I’d love to tell you I’ve already changed my outlook and made lifelong friends through Somebody, but the truth is I’m still waiting for my off-screen human contact to happen. I’ve sent a message to my boyfriend saying I like his yellow t-shirt, which is currently ‘floating’ until someone volunteers to deliver it to him. I’ve also volunteered to deliver a message to someone up the road, who has very inconveniently gone out.
But even with the technical issues, there are interesting upsides – such as snooping on your neighbours. For example, I now know that someone a street away has Kate Bush tickets (unless they’re lying), and that someone round the corner is having an existential crisis (unless they’re lying).
And being a flawed human, I can’t help but think I could skew the messages to my advantage.
‘Hello! Your mate says she can’t come to Kate Bush anymore and you should give the ticket to me.’

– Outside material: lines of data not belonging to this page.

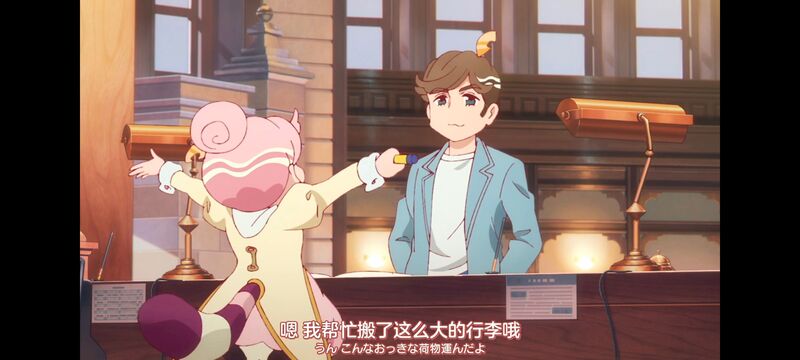 末日后酒店,启示录酒店,动画,动漫,番剧,日漫,二次元,ACG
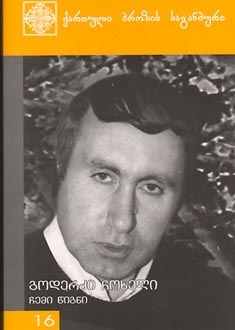 ჩემი წიგნი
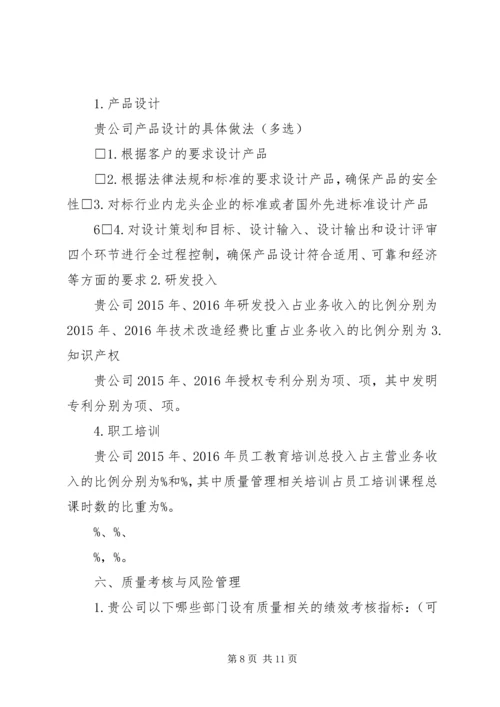 企业质量管理现状调查表[精选多篇]_1 (4).docx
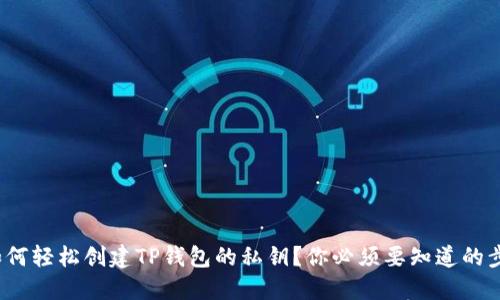 : 如何轻松创建TP钱包的私钥？你必须要知道的步骤！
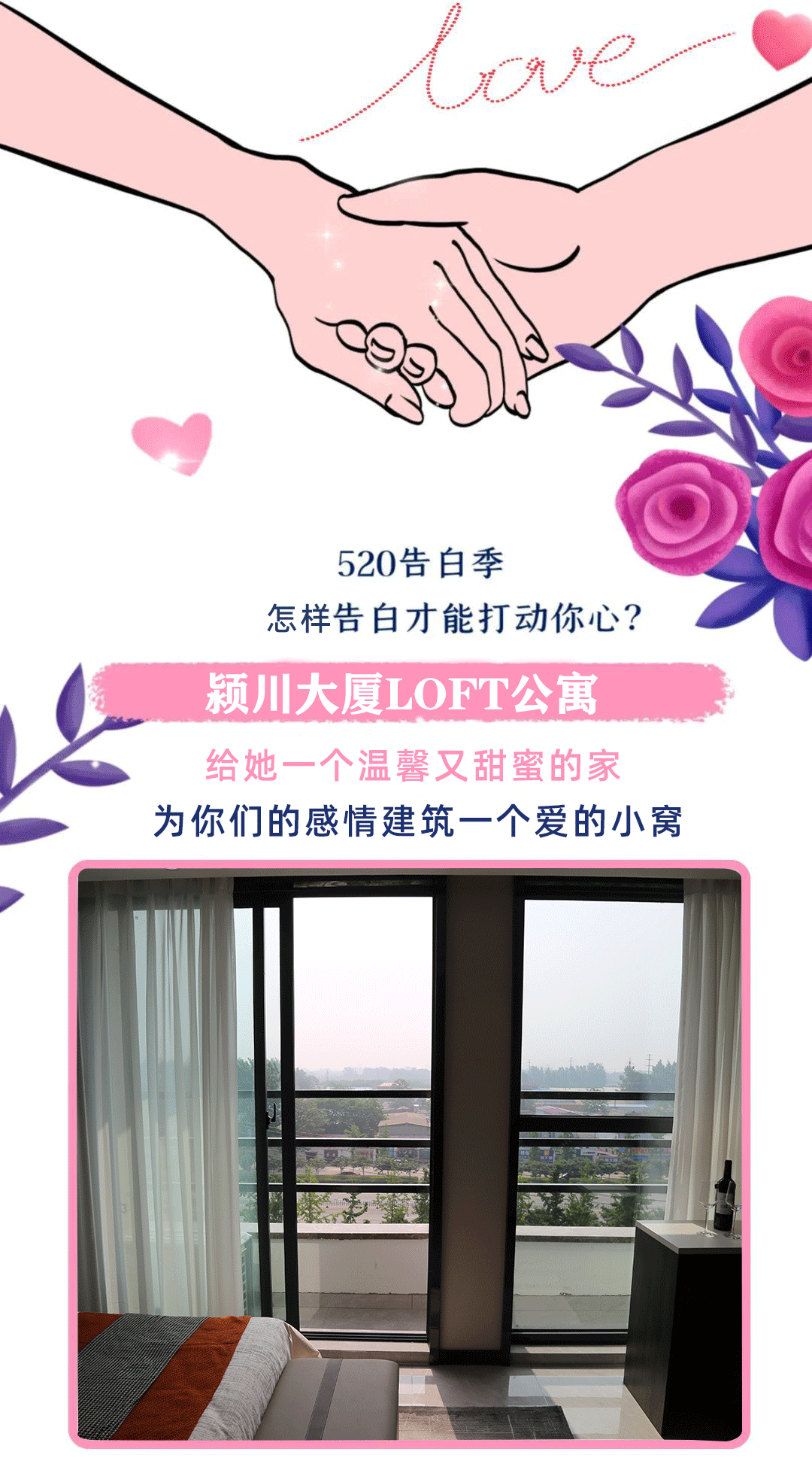 禹州全新网红打卡地亮相,见证人居大变革! 禹州全新网红打卡地亮相,见证人居大变革!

‘Your mate says to solve your existential crisis you should buy this nice blonde lady some HobNobs.’
And so on.
My moral compass aside, there is actually something unexpectedly sweet about eavesdropping on other people’s conversations. From the tiny snippets I’ve seen, some of the Somebody users in my area are the types of people I might like to be friends with. And if it wasn’t such a tremendous faff to put some shoes on, go out and find them, maybe I would be.
Of course, issues of safety have been raised by users (just how heart-warming is it to send people out to hunt down your mates at any time of day or night?), while the number of people willing to go out and stage performance art with a total stranger for no concrete reward will probably always be on the small side. But as a concept it’s definitely thought-provoking, and if the idea actually took off then it might just be a game-changer.
If I ever get to join in the fun, I’ll let you know. Or if not me, Somebody will.